By Kristi Casey Sanders

Perhaps it’s a cliché, but Atlanta Ballet company member Christian Clark is not ashamed to admit he doesn’t want to grow up. “If I wasn’t too tall and a bit older, I’d really want to [dance] Lost Boy again,” he says. This is the first time in the 10 years since he first performed Atlanta Ballet’s Peter Pan that he’s dancing a different part. “This time, I’m a pirate as well as the crocodile. It’s huge – sort of like a mascot for a sports team. The kids love it.”

Clark was a 14-year-old student at the Atlanta Ballet Centre for Dance Education when he joined the show’s original cast; in the intervening years, Peter Pan has become a yardstick for several major milestones in his life. In 2000, the show played the Royal Festival in London. “It was the first time I ever went on tour as a dancer,” Clark remembers. “One of the biggest things that happened with Peter Pan is I started dating the girl I’m now engaged to, Naomi Jane Dixon, [during] the second tour. Six years later, I’m about to get married.” Dixon played Wendy to Clark’s Lost Boy; nine years his senior, she retired from Atlanta Ballet this year.

Company member Brian Wallenberg also first performed in Peter Pan as a teenager. “When I was about 13, I was in the musical in Texas,” he says. “The ballet, in my opinion, is a lot more fun; it’s a really wonderful and vibrant telling of the story. I think the musical is a little dated now.”

This month, Wallenberg is dancing the roles of Peter Pan and John, the oldest Darling brother. “John McFall is re-choreographing sections, so there’ll be new choreography and new ideas,” Wallenberg says. “McFall lets the character of Peter evolve so he does show sadness; there is a little more depth to this Peter.”

It’s Peter’s joie de vivre that Wallenberg enjoys most, though. “He’s young at heart … he’s smiling and able to enjoy life. I definitely relate to that. It’s great to get on stage and personify the eternal youth of Peter Pan.”

Part of the thrill for Peter Pan audiences is watching characters soar high above the stage. But, backstage, flying is a complicated and precise art all its own. “Some of the flying is pretty challenging; it’s tricky and not the most comfortable thing,” Wallenberg says. “We have a harness. Part of it goes over our shoulder and part goes around our waist and two strips go between your legs and to a hook on the back that connects to the harness. That’s the uncomfortable part. There’s a little bit of pain, but it’s worth it.”

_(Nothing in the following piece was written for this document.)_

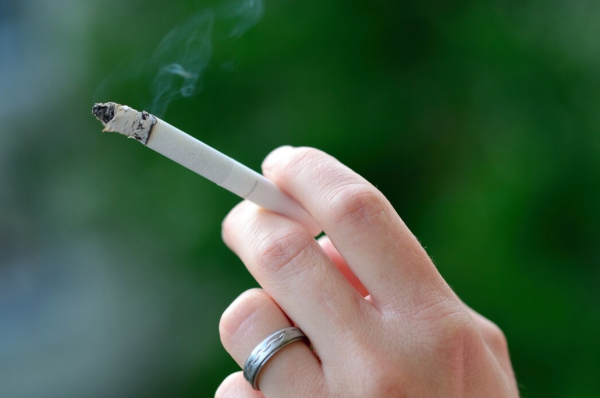 遊英注意|英國通過史上最嚴禁煙令!這年後出生終身禁買煙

Clark remembers that during the original production, stagehands were hired to set up the flying wires and to operate the pulley system backstage. “Eventually, the pirates started pulling the ropes,” Clark says. “We understand choreography a lot better, and a lot of it’s about timing. If a dancer’s off, you may want to give them a little more time. If I was flying, I’d rather have my buddies in the ballet pulling the rope than someone I don’t know.”

In this production, as in those past, the Lost Boys are students from the Atlanta Ballet’s school, where Clark now teaches. “I remember when I was in the school and some of the older dancers who encouraged me,” Clark says. “Now, I dance beside some of them. To be able to return that favor with the younger kids in school now is very rewarding.”

Not that Clark has completely grown up. Backstage, he and his friends pull pranks on each other, such as putting Icy Hot in dance belts or masks. And among the ballet students he is known for being able to do as many as 12 pirouettes at one time. “But, I should point out – and this is what they always told me in school – it’s not just about turning,” Clark insists. “It’s an art form. It’s not just about tricks and turns.”

Peter Pan plays The Fabulous Fox Theatre Oct. 25-28.